* [What is being asked]:
Return, with both end lines included, exactly what the data below holds from the line with "Foto 17ac9be9-e55a-4a3b-af58-15900b9d0341. Casa" through the line with "L'EI revendique une", though not the pictures.

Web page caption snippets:

------------

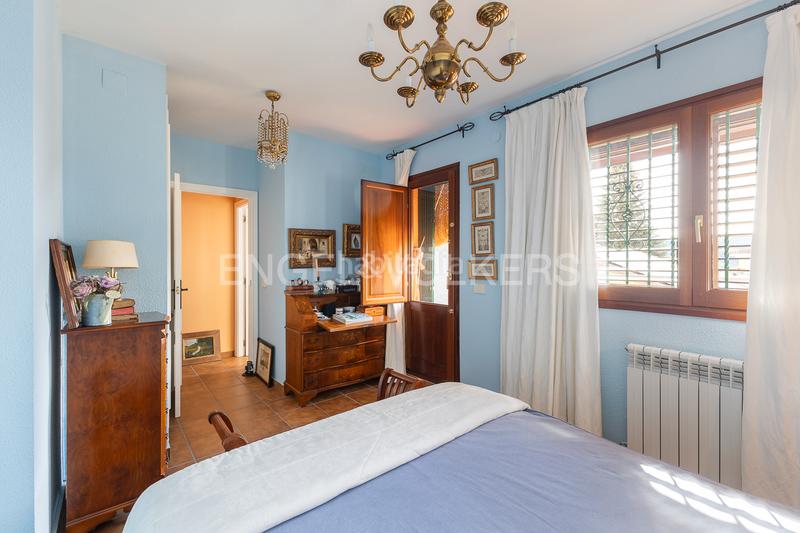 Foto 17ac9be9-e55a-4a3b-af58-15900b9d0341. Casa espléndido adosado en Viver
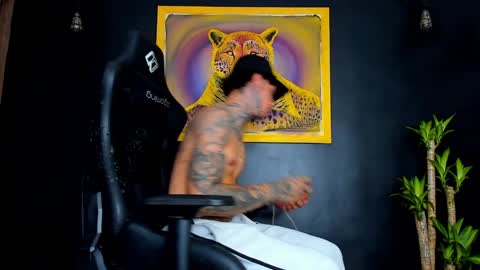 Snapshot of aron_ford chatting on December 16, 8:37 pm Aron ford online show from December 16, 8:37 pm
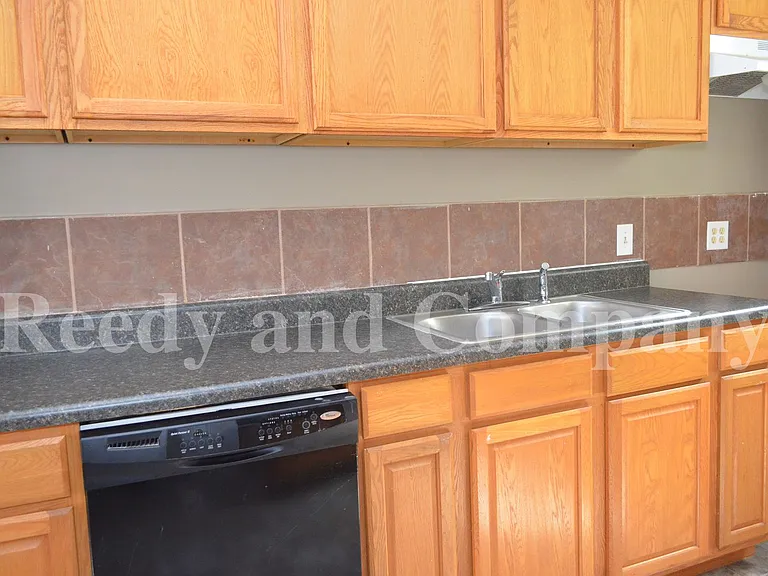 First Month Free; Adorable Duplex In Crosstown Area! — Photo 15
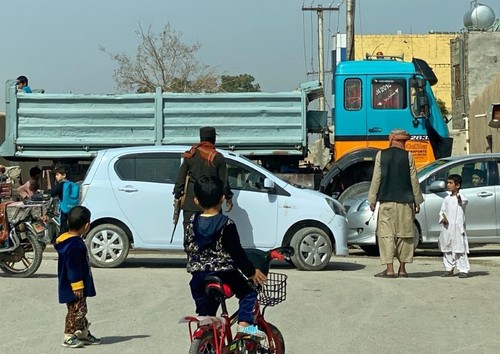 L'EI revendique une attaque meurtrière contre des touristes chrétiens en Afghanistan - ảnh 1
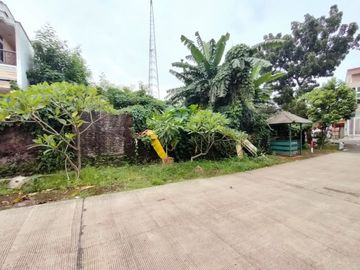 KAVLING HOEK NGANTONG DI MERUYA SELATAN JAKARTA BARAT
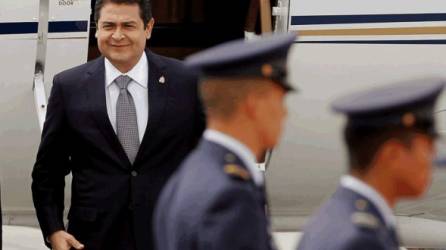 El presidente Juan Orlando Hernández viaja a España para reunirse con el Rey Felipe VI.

------------

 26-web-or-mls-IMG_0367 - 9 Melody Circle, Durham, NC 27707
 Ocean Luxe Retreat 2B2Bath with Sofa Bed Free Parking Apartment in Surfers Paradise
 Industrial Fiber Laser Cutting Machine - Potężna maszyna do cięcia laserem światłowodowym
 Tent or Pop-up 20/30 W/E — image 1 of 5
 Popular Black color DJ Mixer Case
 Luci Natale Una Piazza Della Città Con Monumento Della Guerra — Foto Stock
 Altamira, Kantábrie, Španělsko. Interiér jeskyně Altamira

------------

* [Exercise response]:
 Foto 17ac9be9-e55a-4a3b-af58-15900b9d0341. Casa espléndido adosado en Viver
 Snapshot of aron_ford chatting on December 16, 8:37 pm Aron ford online show from December 16, 8:37 pm
 First Month Free; Adorable Duplex In Crosstown Area! — Photo 15
 L'EI revendique une attaque meurtrière contre des touristes chrétiens en Afghanistan - ảnh 1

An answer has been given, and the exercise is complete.